Over the last 5 years, we have seen dramatic changes in technology and the GIS industry as a whole. In the article, Mr. Sheehan talks about 4 ways to better use GIS which includes:
- From desktop GIS to cloud and mobile GIS.
- Super flexible web GIS applications.
- From map making to business problem solving.
- Access, awareness, analytics.
It is the last two strategies that I want to elaborate further on. You see, GIS is now being viewed by government and corporate leaders as a business intelligence tool. A tool that can solve common problems with efficiency. A tool that’s not just for the geospatial engineers anymore, but the business analyst and even the front line personnel. That is a far cry from GIS being used as a straight mapping tool. In fact, I would say that’s a paradigm shift which is accelerating the advancement of GIS in the minds of business and government leaders.
The question is: Has your thinking of GIS changed? Are you still trapped in the mapping paradigm? Analytics and other business intelligence tools are playing critical roles in the evolution of GIS technology. Here are a few ways to leverage technology to break out of your GIS rut:
Share, Share, Share: Cloud-based applications have made it easier than ever to visualize and share your findings. Freely share your results and you will reap the rewards by tapping into the minds of the masses. This action will cause more questions to be asked which will lead to deeper insight and understanding.
Experiment: Analytics within GIS data are designed to be tweaked and evolve. The process of creating analytics for your data can help you think through your reasoning and fine tune your processes. This in turn will lead to better results. Don’t be afraid to experiment with your data to find trends, see patterns and discover causes.
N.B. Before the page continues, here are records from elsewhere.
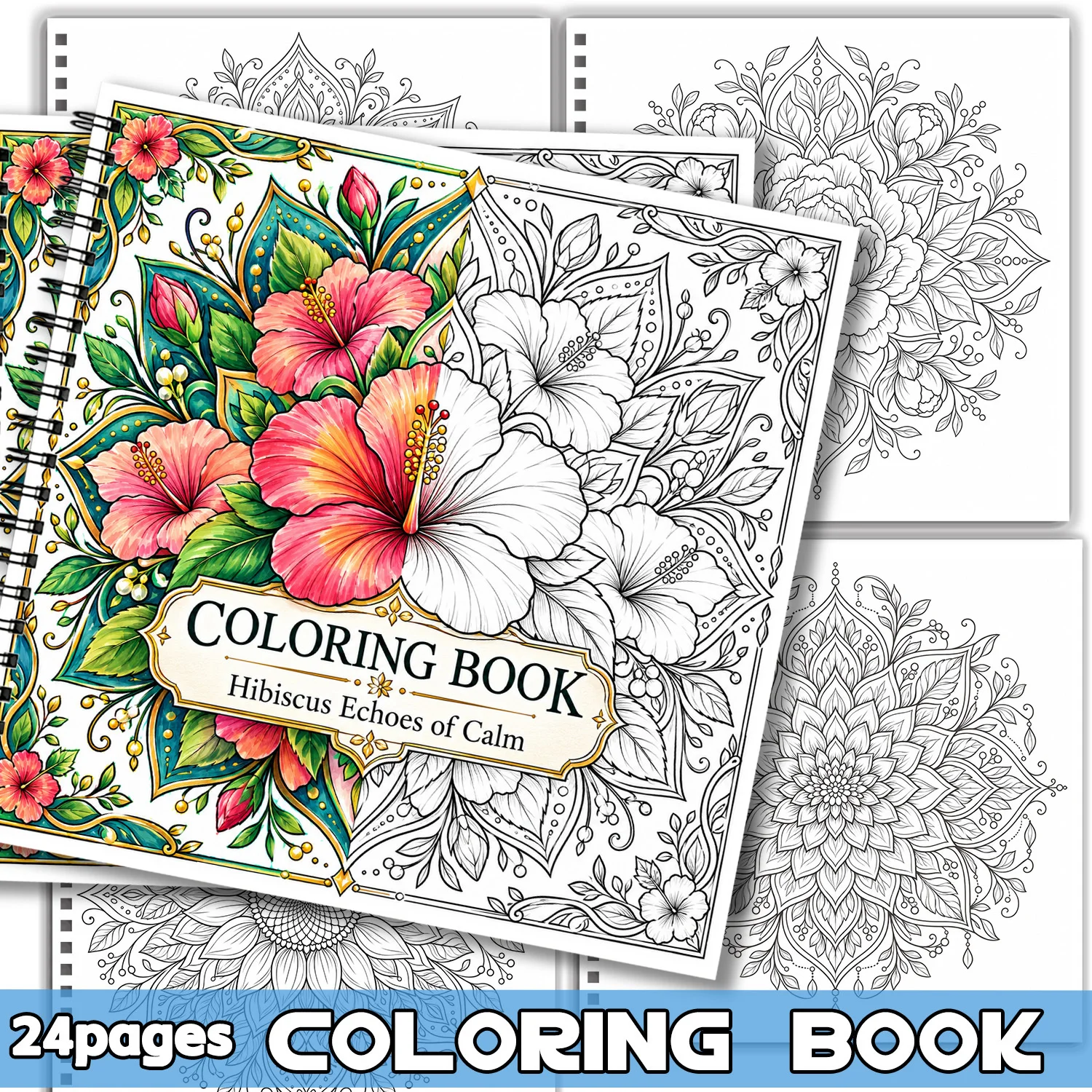 Spiral Binding Coloring Book Hibiscus Floral Design 24 Sheets For Adults Teens Showcasing Creativity Relieving Stress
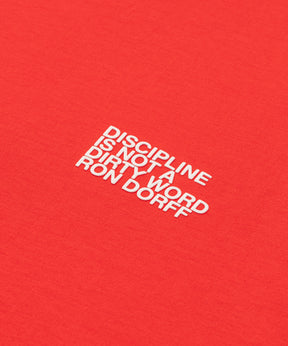 T-shirt sans manches en coton organique à imprimé DISCIPLINE: Rouge
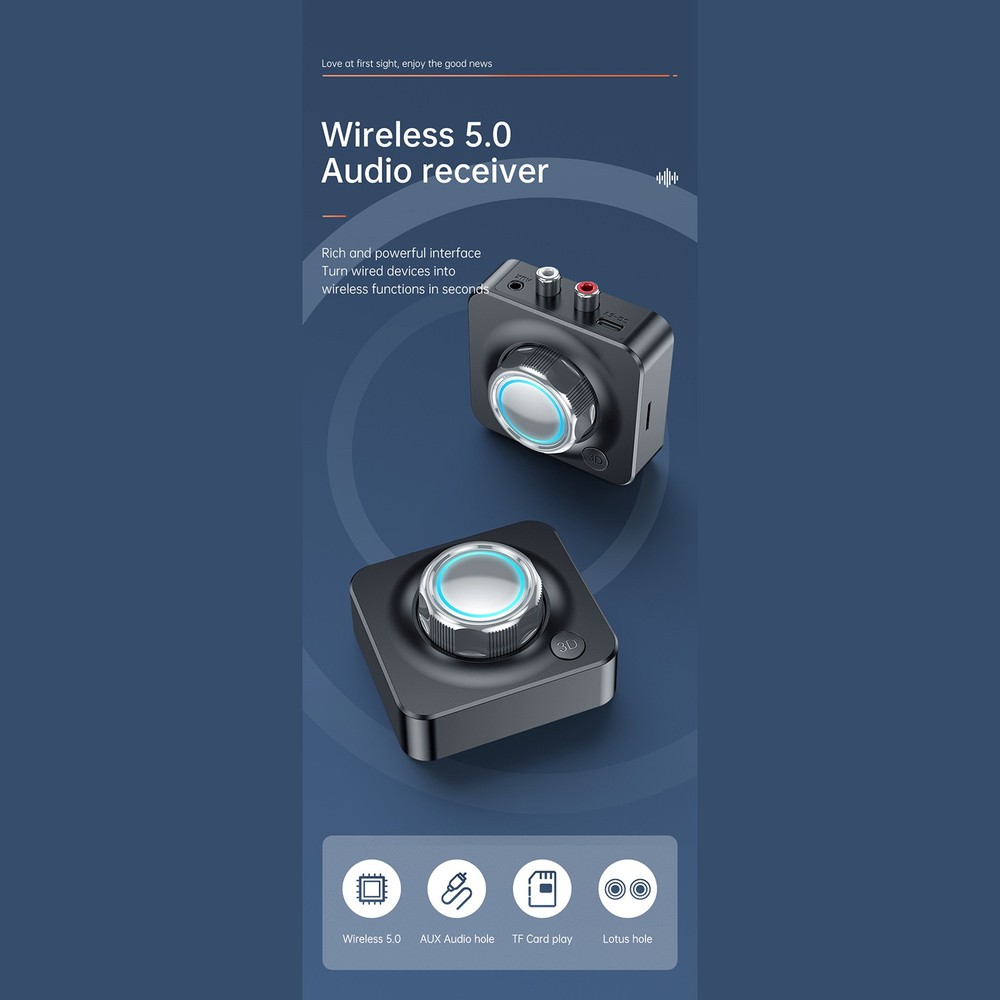 2-in-1 Wireless Bluetooth V5 Aux Audio Receiver Receiver TF Card Reader E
Ask Different Questions: Visually seeing your results can help you ask different questions, better questions. Questions that lead to deeper insight and discoveries. Don’t be afraid to question your results and look for deeper answers by asking different questions. Analysis of your data should evolve, never be content with your answer - never stop asking different questions.
Think Strategic: Step out of your project bubble and ask yourself, “What are the goals for my agency or department? How can I use my data more strategically? Who else could benefit from the data? and How can I use the data to achieve more agency goals?”
GIS is changing and evolving, why not change with it.